• RECORDS FOR PROCESSING:
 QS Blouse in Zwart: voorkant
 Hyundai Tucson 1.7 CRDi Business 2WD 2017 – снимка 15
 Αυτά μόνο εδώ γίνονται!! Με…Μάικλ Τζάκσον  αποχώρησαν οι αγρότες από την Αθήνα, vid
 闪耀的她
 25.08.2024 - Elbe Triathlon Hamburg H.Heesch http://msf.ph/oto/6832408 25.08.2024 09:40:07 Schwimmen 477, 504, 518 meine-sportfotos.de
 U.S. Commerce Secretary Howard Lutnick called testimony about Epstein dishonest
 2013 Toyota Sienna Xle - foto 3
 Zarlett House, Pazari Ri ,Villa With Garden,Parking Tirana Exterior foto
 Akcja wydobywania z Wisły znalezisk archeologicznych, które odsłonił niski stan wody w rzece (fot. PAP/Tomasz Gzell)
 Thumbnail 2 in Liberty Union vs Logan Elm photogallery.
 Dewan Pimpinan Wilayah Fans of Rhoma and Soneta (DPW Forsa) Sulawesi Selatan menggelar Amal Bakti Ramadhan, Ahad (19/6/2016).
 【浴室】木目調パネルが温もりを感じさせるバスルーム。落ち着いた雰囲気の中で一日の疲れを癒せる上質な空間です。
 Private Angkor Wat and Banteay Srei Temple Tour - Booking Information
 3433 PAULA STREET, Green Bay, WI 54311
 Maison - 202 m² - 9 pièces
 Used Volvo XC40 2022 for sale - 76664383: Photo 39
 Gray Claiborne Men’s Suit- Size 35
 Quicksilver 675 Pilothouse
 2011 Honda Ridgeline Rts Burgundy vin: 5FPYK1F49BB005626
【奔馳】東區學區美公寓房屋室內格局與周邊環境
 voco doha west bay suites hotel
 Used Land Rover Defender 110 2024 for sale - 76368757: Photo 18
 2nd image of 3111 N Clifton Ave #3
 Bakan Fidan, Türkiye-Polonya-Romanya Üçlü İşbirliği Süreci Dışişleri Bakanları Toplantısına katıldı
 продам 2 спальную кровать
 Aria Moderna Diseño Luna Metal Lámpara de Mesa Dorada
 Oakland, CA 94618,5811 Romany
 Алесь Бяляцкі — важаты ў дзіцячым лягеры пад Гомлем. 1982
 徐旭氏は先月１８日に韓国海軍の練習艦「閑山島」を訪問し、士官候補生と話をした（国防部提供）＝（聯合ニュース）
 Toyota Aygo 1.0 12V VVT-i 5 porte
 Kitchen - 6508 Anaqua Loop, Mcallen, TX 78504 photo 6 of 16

• WORK INSTRUCTIONS: Extract from the listing above the lines between the line containing "Αυτά μόνο εδώ" and the line containing "2nd image of 3111 N Clifton Ave #3", keeping both of those lines. Output nothing else.

• EXERCISE ANSWER:
 Αυτά μόνο εδώ γίνονται!! Με…Μάικλ Τζάκσον  αποχώρησαν οι αγρότες από την Αθήνα, vid
 闪耀的她
 25.08.2024 - Elbe Triathlon Hamburg H.Heesch http://msf.ph/oto/6832408 25.08.2024 09:40:07 Schwimmen 477, 504, 518 meine-sportfotos.de
 U.S. Commerce Secretary Howard Lutnick called testimony about Epstein dishonest
 2013 Toyota Sienna Xle - foto 3
 Zarlett House, Pazari Ri ,Villa With Garden,Parking Tirana Exterior foto
 Akcja wydobywania z Wisły znalezisk archeologicznych, które odsłonił niski stan wody w rzece (fot. PAP/Tomasz Gzell)
 Thumbnail 2 in Liberty Union vs Logan Elm photogallery.
 Dewan Pimpinan Wilayah Fans of Rhoma and Soneta (DPW Forsa) Sulawesi Selatan menggelar Amal Bakti Ramadhan, Ahad (19/6/2016).
 【浴室】木目調パネルが温もりを感じさせるバスルーム。落ち着いた雰囲気の中で一日の疲れを癒せる上質な空間です。
 Private Angkor Wat and Banteay Srei Temple Tour - Booking Information
 3433 PAULA STREET, Green Bay, WI 54311
 Maison - 202 m² - 9 pièces
 Used Volvo XC40 2022 for sale - 76664383: Photo 39
 Gray Claiborne Men’s Suit- Size 35
 Quicksilver 675 Pilothouse
 2011 Honda Ridgeline Rts Burgundy vin: 5FPYK1F49BB005626
【奔馳】東區學區美公寓房屋室內格局與周邊環境
 voco doha west bay suites hotel
 Used Land Rover Defender 110 2024 for sale - 76368757: Photo 18
 2nd image of 3111 N Clifton Ave #3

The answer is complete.